Anytime I get to talk about Groundhog Day is a good day for me. It's truly one of my favorite movies, even though it could probably use some more gratuitous nudity, profanity, gunplay, and explosions. Maybe someday someone will make a cinematic mashup of Groundhog Day and Scarface and the world will be the richer for it.

I know I am not telling you anything new, but at its core Groundhog Day wrestles with the concept of eternal recurrence, the idea that the universe and everything in it does not evolve in a linear fashion but is actually cyclical, recurring again and again in an identical fashion an infinite number of times.

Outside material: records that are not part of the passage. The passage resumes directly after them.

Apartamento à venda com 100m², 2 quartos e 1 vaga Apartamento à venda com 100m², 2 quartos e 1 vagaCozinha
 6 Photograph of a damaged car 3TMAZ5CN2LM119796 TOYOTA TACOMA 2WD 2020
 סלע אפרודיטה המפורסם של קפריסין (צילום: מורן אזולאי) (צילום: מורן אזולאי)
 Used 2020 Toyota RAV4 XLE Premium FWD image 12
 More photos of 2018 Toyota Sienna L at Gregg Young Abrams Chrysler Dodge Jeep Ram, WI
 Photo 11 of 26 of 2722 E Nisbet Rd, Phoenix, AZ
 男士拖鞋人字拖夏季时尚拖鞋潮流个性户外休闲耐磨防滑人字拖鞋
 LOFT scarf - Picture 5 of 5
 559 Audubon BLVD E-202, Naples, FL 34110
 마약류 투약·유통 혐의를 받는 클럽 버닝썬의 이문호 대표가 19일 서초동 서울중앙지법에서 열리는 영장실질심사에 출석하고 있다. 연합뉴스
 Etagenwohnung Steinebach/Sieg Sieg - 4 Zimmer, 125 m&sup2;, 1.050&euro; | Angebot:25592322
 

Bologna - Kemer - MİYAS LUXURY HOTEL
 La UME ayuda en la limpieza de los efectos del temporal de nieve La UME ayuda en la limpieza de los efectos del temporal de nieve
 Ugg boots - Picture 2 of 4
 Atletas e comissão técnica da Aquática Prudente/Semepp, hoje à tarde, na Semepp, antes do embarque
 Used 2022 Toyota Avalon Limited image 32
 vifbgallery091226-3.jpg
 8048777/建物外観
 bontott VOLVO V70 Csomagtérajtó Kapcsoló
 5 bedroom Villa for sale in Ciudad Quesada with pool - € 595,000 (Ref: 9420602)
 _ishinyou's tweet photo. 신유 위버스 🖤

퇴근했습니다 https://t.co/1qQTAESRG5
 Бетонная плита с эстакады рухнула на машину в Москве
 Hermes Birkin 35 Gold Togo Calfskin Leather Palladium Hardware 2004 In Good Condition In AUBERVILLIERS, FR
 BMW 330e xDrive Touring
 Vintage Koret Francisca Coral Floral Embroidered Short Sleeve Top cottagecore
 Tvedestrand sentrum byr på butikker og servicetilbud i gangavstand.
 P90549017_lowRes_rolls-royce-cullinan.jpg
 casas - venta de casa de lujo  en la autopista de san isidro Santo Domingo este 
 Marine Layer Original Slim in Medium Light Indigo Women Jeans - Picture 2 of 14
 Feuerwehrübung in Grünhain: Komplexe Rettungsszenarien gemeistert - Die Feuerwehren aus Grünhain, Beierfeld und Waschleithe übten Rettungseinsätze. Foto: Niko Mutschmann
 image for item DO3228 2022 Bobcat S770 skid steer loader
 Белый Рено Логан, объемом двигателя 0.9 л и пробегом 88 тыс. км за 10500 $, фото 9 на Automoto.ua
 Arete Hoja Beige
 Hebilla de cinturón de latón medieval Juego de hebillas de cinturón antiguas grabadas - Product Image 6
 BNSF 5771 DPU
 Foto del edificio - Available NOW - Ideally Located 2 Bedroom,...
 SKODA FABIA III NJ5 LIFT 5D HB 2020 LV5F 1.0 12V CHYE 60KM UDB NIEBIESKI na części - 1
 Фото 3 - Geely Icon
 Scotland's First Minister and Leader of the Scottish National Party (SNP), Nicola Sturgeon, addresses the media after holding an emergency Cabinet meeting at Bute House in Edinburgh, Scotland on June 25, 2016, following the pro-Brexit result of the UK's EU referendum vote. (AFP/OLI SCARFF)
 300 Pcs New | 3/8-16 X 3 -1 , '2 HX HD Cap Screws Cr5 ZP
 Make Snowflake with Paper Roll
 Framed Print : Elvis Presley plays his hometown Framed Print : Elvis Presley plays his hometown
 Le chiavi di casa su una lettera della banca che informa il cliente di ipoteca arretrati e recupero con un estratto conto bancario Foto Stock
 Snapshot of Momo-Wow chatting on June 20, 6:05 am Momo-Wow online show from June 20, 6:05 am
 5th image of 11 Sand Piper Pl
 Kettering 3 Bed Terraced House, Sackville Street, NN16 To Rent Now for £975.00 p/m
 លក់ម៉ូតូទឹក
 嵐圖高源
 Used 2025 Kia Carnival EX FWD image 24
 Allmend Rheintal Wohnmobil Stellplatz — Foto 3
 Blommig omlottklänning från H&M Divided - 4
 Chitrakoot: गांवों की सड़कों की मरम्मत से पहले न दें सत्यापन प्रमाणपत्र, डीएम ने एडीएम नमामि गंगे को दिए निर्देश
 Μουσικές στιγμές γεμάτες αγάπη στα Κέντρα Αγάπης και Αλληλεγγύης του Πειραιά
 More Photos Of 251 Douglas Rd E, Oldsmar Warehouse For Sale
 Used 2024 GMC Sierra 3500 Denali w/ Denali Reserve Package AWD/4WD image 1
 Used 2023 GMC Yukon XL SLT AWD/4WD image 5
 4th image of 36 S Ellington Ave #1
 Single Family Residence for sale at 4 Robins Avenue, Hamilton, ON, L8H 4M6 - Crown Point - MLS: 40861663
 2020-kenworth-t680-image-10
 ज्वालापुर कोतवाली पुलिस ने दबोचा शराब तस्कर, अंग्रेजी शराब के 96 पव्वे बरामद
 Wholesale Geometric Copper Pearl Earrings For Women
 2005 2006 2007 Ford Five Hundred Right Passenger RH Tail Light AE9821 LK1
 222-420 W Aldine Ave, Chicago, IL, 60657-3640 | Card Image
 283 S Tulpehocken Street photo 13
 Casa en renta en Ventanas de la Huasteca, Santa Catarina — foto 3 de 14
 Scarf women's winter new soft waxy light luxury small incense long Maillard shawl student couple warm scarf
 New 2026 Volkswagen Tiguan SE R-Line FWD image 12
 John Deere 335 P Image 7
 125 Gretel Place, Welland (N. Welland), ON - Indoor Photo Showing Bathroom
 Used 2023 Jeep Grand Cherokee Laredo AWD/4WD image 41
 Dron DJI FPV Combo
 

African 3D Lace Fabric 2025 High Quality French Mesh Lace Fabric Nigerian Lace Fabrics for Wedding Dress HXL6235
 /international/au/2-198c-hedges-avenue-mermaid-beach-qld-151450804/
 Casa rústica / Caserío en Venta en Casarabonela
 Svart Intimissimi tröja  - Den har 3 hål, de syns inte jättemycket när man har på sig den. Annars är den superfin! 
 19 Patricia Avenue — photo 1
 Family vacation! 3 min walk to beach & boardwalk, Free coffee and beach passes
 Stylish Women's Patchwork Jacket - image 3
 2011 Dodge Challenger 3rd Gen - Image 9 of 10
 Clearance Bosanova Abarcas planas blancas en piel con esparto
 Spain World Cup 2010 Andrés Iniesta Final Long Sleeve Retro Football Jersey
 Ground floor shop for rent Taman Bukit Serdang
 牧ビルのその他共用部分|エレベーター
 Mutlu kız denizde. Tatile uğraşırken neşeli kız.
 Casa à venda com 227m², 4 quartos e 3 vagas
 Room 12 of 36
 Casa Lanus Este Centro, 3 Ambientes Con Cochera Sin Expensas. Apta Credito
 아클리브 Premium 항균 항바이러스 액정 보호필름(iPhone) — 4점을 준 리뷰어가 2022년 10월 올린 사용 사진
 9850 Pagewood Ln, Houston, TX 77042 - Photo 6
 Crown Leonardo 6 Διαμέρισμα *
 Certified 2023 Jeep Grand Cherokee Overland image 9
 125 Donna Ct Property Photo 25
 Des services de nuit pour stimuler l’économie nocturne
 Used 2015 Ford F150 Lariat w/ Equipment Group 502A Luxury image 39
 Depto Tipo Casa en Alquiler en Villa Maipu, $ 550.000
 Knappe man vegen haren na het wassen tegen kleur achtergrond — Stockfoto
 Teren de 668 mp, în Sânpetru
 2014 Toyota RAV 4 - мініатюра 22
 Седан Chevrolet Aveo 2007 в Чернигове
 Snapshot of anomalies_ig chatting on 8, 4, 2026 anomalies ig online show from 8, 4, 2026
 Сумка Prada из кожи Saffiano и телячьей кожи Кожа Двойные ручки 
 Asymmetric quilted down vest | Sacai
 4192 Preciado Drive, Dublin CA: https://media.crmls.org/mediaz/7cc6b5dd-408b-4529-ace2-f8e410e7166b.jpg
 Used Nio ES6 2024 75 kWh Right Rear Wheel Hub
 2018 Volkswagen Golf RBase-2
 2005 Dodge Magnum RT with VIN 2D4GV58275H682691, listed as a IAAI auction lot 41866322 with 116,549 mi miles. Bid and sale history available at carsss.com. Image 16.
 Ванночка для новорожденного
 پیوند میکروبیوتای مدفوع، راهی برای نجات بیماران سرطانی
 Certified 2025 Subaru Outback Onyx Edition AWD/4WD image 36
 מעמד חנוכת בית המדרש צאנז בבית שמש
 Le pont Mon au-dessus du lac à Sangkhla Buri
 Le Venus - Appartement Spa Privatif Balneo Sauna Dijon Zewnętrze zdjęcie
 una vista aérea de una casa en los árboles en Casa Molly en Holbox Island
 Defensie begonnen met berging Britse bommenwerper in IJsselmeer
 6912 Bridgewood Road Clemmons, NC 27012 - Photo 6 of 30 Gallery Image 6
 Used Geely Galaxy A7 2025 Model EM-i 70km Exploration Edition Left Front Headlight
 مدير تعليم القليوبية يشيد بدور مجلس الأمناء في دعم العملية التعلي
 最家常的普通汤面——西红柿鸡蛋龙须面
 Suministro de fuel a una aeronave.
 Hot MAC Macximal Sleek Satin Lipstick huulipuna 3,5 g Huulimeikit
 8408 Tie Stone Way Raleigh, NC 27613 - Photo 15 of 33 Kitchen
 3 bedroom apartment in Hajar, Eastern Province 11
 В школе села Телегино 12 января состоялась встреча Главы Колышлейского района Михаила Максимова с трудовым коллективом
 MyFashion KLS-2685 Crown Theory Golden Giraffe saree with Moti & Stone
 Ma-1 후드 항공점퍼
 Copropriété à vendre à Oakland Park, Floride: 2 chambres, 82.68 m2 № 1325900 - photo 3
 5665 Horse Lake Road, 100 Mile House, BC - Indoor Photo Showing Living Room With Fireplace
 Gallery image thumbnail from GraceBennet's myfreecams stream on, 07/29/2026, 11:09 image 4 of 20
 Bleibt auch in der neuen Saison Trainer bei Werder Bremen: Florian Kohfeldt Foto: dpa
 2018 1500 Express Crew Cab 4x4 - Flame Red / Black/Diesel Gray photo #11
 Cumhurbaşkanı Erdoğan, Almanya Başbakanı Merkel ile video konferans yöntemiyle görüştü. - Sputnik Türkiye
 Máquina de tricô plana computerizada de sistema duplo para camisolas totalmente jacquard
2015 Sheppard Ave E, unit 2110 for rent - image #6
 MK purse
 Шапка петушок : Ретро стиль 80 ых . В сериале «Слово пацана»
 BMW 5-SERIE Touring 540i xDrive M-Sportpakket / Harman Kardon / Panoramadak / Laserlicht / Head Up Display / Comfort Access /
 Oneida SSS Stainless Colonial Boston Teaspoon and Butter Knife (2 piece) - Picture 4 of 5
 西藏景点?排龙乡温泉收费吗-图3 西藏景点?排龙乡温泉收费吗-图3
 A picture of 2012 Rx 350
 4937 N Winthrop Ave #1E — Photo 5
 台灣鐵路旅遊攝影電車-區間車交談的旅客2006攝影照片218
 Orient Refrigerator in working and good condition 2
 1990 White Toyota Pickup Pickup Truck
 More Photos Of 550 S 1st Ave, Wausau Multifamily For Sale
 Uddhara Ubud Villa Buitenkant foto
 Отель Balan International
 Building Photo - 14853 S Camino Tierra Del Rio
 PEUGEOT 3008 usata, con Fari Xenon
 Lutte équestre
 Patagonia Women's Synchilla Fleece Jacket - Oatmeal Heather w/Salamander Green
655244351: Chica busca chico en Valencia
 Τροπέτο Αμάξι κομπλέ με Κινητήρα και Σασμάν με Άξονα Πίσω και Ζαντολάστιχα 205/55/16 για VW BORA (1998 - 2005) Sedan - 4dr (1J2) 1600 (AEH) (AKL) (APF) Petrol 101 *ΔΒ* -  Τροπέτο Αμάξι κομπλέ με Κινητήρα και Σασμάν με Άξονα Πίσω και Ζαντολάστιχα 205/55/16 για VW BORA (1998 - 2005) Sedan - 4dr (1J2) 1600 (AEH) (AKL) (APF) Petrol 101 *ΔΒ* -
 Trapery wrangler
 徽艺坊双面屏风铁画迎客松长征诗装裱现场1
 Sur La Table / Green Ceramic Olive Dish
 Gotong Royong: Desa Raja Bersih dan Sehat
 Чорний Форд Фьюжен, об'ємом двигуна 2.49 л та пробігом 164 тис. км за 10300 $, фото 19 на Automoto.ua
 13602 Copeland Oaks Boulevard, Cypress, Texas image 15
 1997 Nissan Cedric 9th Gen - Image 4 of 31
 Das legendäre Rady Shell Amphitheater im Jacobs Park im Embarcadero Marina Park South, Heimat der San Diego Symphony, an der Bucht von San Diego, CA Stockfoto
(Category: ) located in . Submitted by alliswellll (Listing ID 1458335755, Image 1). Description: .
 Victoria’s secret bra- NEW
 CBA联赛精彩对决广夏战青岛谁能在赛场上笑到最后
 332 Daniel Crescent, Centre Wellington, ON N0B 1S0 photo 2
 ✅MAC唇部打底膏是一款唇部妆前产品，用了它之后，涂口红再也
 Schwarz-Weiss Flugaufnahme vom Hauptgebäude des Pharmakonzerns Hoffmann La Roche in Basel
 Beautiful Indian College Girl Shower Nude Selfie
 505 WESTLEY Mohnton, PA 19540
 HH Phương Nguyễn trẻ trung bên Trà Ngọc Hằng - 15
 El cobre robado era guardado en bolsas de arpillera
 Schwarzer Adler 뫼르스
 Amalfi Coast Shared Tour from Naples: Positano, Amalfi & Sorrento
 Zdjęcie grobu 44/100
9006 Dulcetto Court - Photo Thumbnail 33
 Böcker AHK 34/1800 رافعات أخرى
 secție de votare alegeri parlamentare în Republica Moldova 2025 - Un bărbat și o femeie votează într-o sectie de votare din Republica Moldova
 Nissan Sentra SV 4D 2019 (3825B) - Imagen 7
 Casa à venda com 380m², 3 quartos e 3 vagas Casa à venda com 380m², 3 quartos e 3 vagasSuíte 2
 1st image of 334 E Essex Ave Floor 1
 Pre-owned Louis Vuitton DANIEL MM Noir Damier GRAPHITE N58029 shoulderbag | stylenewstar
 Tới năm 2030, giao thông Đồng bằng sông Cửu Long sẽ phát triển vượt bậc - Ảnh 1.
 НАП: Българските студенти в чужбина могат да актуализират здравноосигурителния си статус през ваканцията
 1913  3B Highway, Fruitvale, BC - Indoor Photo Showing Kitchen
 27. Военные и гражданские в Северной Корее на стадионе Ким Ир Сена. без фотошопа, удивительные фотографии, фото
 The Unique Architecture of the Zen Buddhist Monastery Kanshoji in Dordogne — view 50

The concept goes back to at least Pythagoras, a noted Roman philosopher, mathematician, and vegetarian, otherwise famous for the Pythagorean theorem, which is pretty much a bedrock of middle school geometry and a gateway to higher maths. He also cooked up the mathematical basis for the eight-note harmonic scale that most modern music is based on – which, as fate(?) would have it, repeats itself. Pythagoras was far from the only person to kick the tires on the notion of eternal recurrence, but he probably has the best academic résumé.

Existential heavyweight Fred Nietzsche gets a lot of cred for his reboot of eternal recurrence, and rightfully so. His dark, overly dramatic Wagnerian prose lends extra gravity to the fundamentally trite platitude at the crux of eternal recurrence: Attitude is everything! It could well be that the "demon that steals after you in your loneliest loneliness" is Tony Robbins and his bright, dental veneers.

So you have this life, this moment, this circumstance, and you can either seize the opportunity to make the most of it or you can sit around whining about how much better it could be. I mean this on a personal level. Your boyfriend is unimaginative? So what. Use your own noodle and concoct a life with or without him that is the absolute best you can summon with your existing resources. Become a world-class chef. Learn to paint like Renoir or dance like Ginger Rogers. Challenge yourself to wake up every day and become a better you. At worst, you will be happily engaged and at best you will be an inspiration. The challenge is exactly the same every waking day of your life.